WORK REQUEST
Please reproduce all the records exactly while leaving out their pictures.

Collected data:

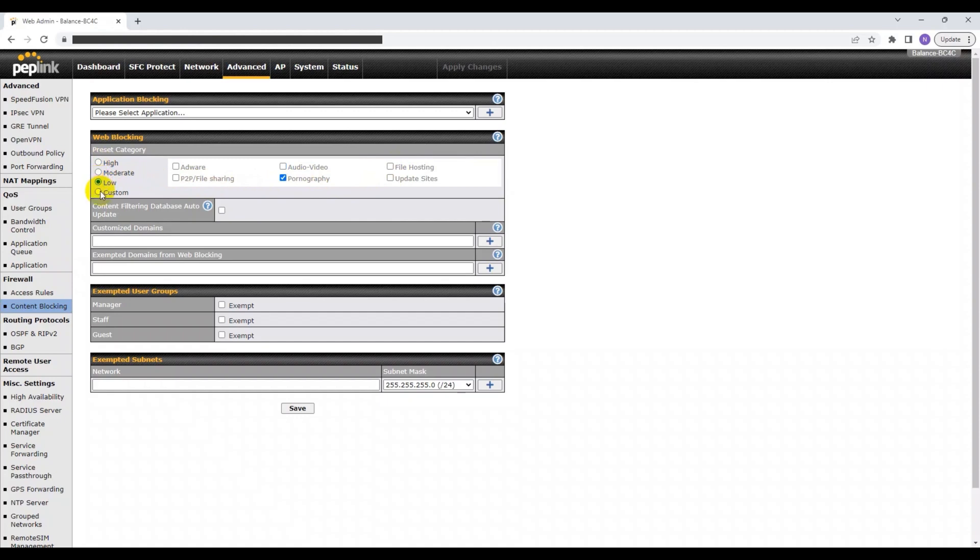If required, you can even select the Custom option, which allows you to customize the selected categories for web blocking.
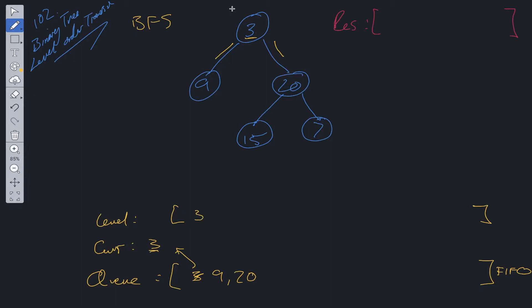And because we've finished this level, and there's no other node at this level, we can push 3 into results. And then we move on. So everything is reset apart from the queue, which contains 9 and 20.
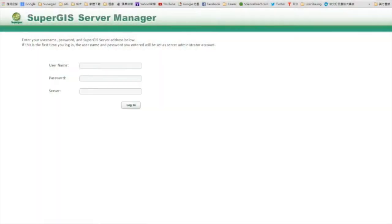Hi, in this video, I'm going to show you how to get familiar with SuperGIS server workflow.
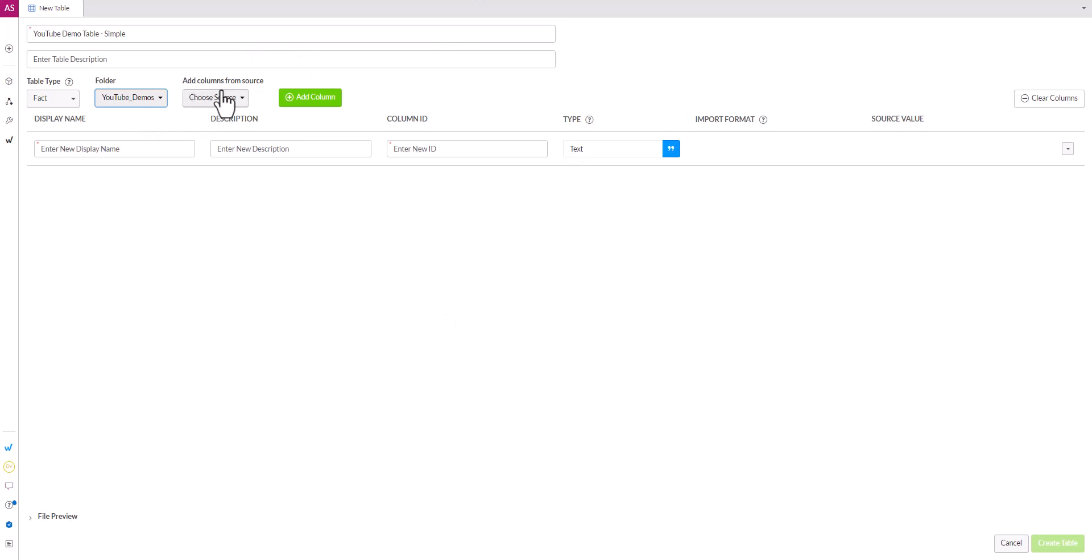The next item here is adding columns from the source. So in our last video we showed you how to manually get columns and select all the data types. WData has a great feature where you can upload a file and it will take the first pass at entering the name,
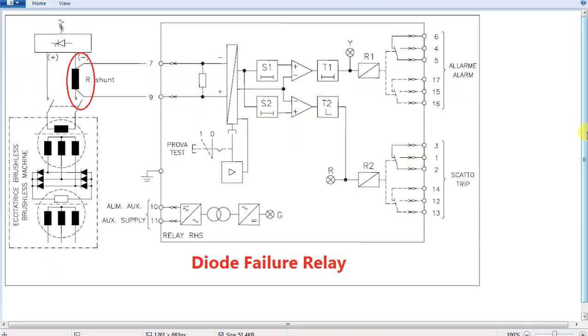Hi friends. So now we can talk about the video — I want to talk about the diode failure relay. This is the first topic that has been released.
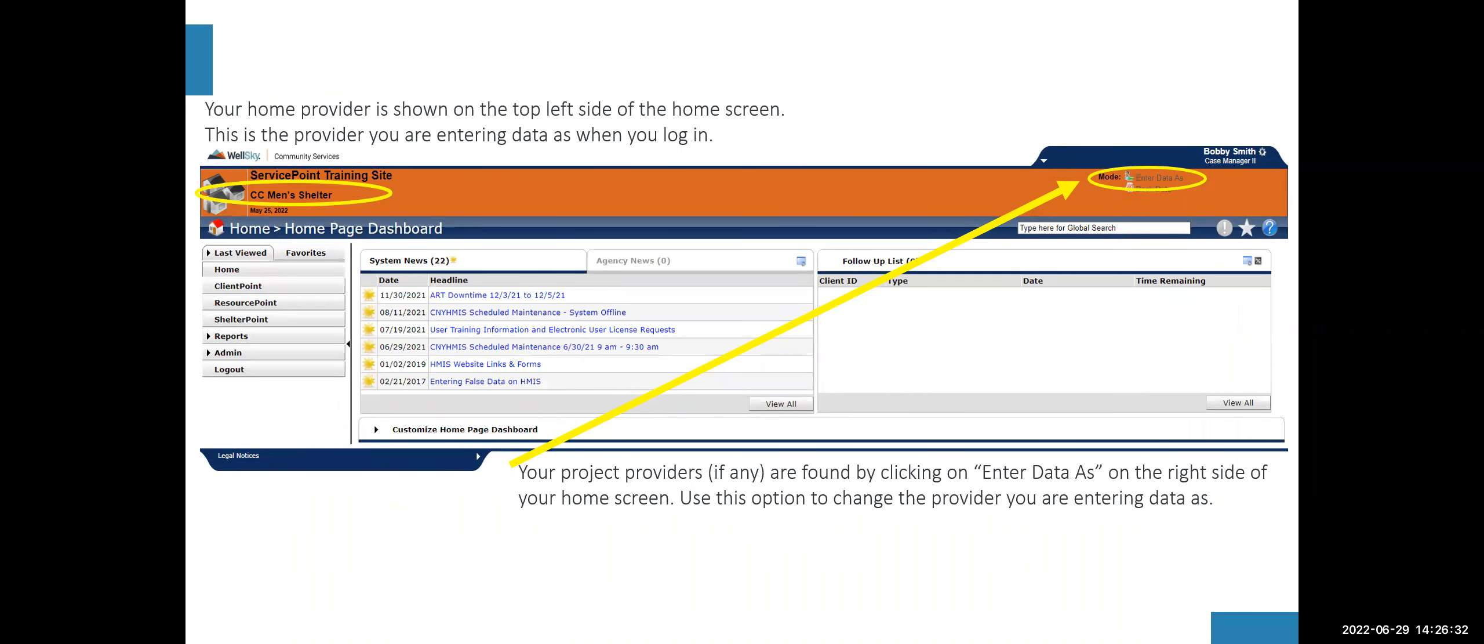On the top left side of your ServicePoint, you will see a provider listed. This is your home provider. That is the provider you are entering data as when you log in. Your project providers, if any, are found by clicking on enter data as on the right side of your home screen. And you can use this option to change the provider you're entering data as.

RESPONSE AREA
If required, you can even select the Custom option, which allows you to customize the selected categories for web blocking.
And because we've finished this level, and there's no other node at this level, we can push 3 into results. And then we move on. So everything is reset apart from the queue, which contains 9 and 20.
Hi, in this video, I'm going to show you how to get familiar with SuperGIS server workflow.
The next item here is adding columns from the source. So in our last video we showed you how to manually get columns and select all the data types. WData has a great feature where you can upload a file and it will take the first pass at entering the name,
Hi friends. So now we can talk about the video — I want to talk about the diode failure relay. This is the first topic that has been released.
On the top left side of your ServicePoint, you will see a provider listed. This is your home provider. That is the provider you are entering data as when you log in. Your project providers, if any, are found by clicking on enter data as on the right side of your home screen. And you can use this option to change the provider you're entering data as.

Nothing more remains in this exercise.